The EUR/USD currency pair is experiencing a period of consolidation in the mid-1.0900s during a slow start to Friday morning in Europe. Despite the struggle to extend yesterday’s significant gains, which marked the largest surge since early February, the pair continues to hover around a five-week high.

The previous day witnessed a rally in the Euro pair, driven by a more hawkish stance from the European Central Bank (ECB) in response to the Federal Reserve’s (Fed) announcements on Wednesday.

However, today’s market lacks any clear catalysts due to a light economic calendar and a cautious sentiment prevailing ahead of the final readings of Eurozone inflation data for May, specifically the Harmonized Index of Consumer Prices (HICP).

The preliminary readings of the Michigan Consumer Sentiment Index (CSI) for June, along with five-year inflation expectations, are also deemed important.

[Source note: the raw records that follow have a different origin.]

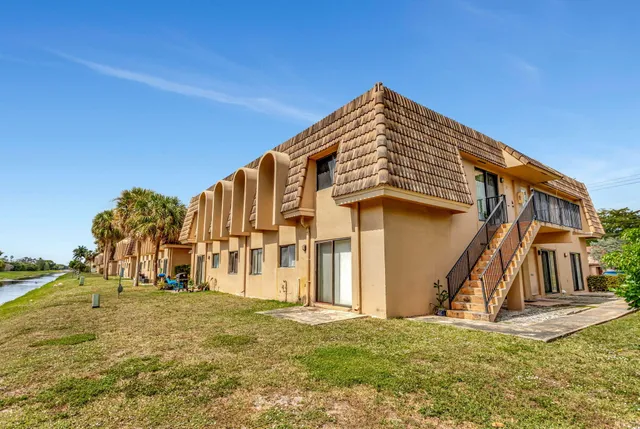 $182,000 | 10852 Royal Palm Boulevard, Unit 10852, Coral Springs, FL 33065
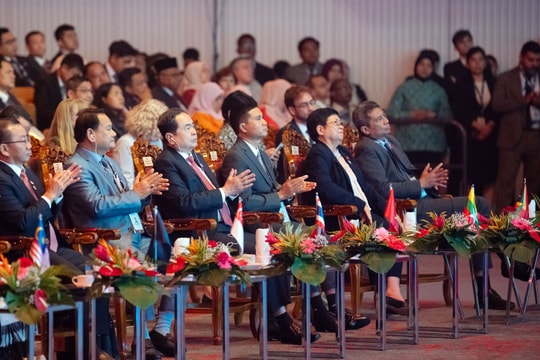 Tất cả vì một Cộng đồng ASEAN đoàn kết, tự cường và phát triển bền vững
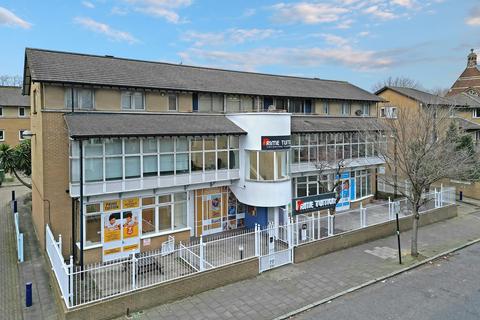 Office to rent, 75 Hanley Rd London N4 3DQ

From a technical standpoint, immediate moves for the EUR/USD are hindered by a horizontal resistance zone, established since April 24, which spans between 1.0965 and 1.0940. Moreover, the overbought Relative Strength Index (RSI) adds to the challenges faced by the Euro bulls.

If the quote manages to overcome the 1.0965 barrier, the next obstacle lies at the 78.6% Fibonacci retracement level of the previous monthly decline, approximately around the psychological magnet of 1.1000. This level could potentially test the resolve of EUR/USD bulls before leading them towards the yearly high, achieved in April, which is situated near 1.1100.

On the downside, a breach of immediate support at 1.0940 may result in a downward move for the EUR/USD price towards the 61.8% Fibonacci retracement level near 1.0920. Subsequently, the Euro bears might find appeal at the 50% Fibonacci retracement level, located around 1.0865.

However, it is worth noting that unless a clear breakdown occurs below the support confluence of 1.0825-20, which encompasses the 200-SMA and an ascending trend line from June 07, the EUR/USD buyers can maintain their optimism.